Evaluation of Active Living Research

Ten Years of Progress in Building a New Field

Children engage in a physical activity break in the classroom at Cleminson Elementary School in El Monte, California.

Active Living Research program--ALR2--meets three major goals of its phase two initiative.

The Issue:

In 2001, the Robert Wood Johnson Foundation (RWJF) began a new national program—Active Living Research (ALR)—to develop an interdisciplinary field to study the effects of environmental factors and policies on physical activity in children and families. Now in its second phase of funding, ALR-2 still focuses on environmental and policy research but has redirected its work to inform childhood obesity prevention strategies to align with RWJF's commitment to reverse childhood obesity.

In this retrospective evaluation, the ALR-2 evaluation team has declared successful completion of the program's shorter-term outcomes, and two of its three longer-term outcomes.

Key Findings

  • Goal 1: Establishing a strong research base, was evidenced by 309 grantee publications from 2001 to 2011.

  • Goal 2: Building an interdisciplinary field, was represented by the 31 different disciplines; 28 percent of principal investigators had five years of experience or less, owing to new career opportunities in a legitimate research field.

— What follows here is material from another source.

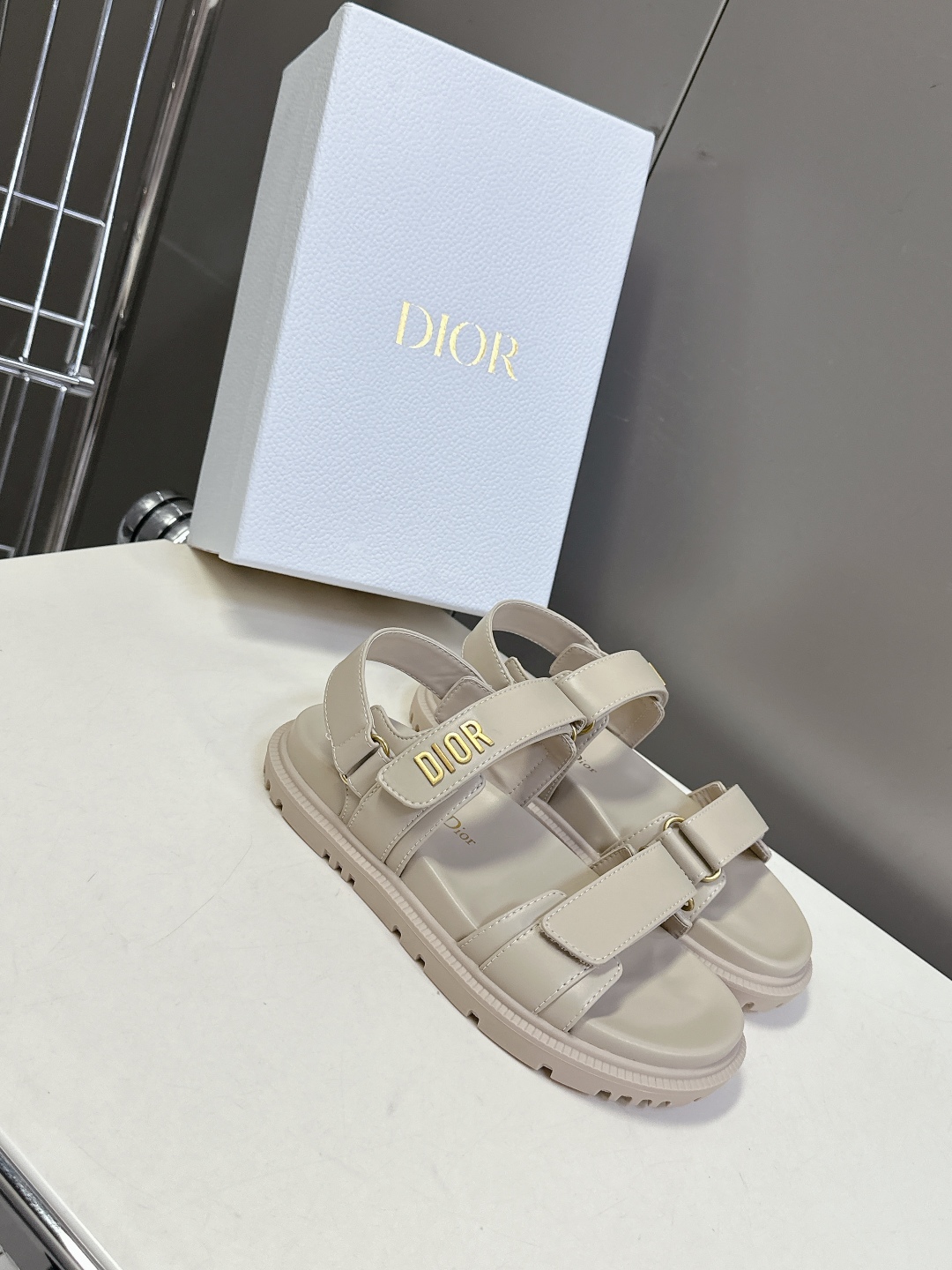  Dior迪奥春夏最新款魔术贴凉鞋、超多明星网红种草、夏天必备 经典的版型设计➕上迪奥LOGO五金点缀、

  • Goal 3: Using research to inform policy and practice, was evidenced by 32 examples of actual policy and practice change, e.g., bicycle and/or pedestrian structures, Safe Routes to School, and school-related policy changes.

Conclusion:

Based on recommendations from the evaluation team, in 2012, RWJF reauthorized a third phase of the program—ALR3—with the primary goal of translating research into policy and practice on an accelerated timeline. ALR3 will work to expand partnerships with advocacy and policy-making organizations with a focus on decision-makers.

About the Study:

Qualitative methods utilizing key informant interviews (N = 100) were conducted in 2011 and data from the 2011 ALR Impact Survey, a web-based survey completed by ALR-supported investigators, was collected.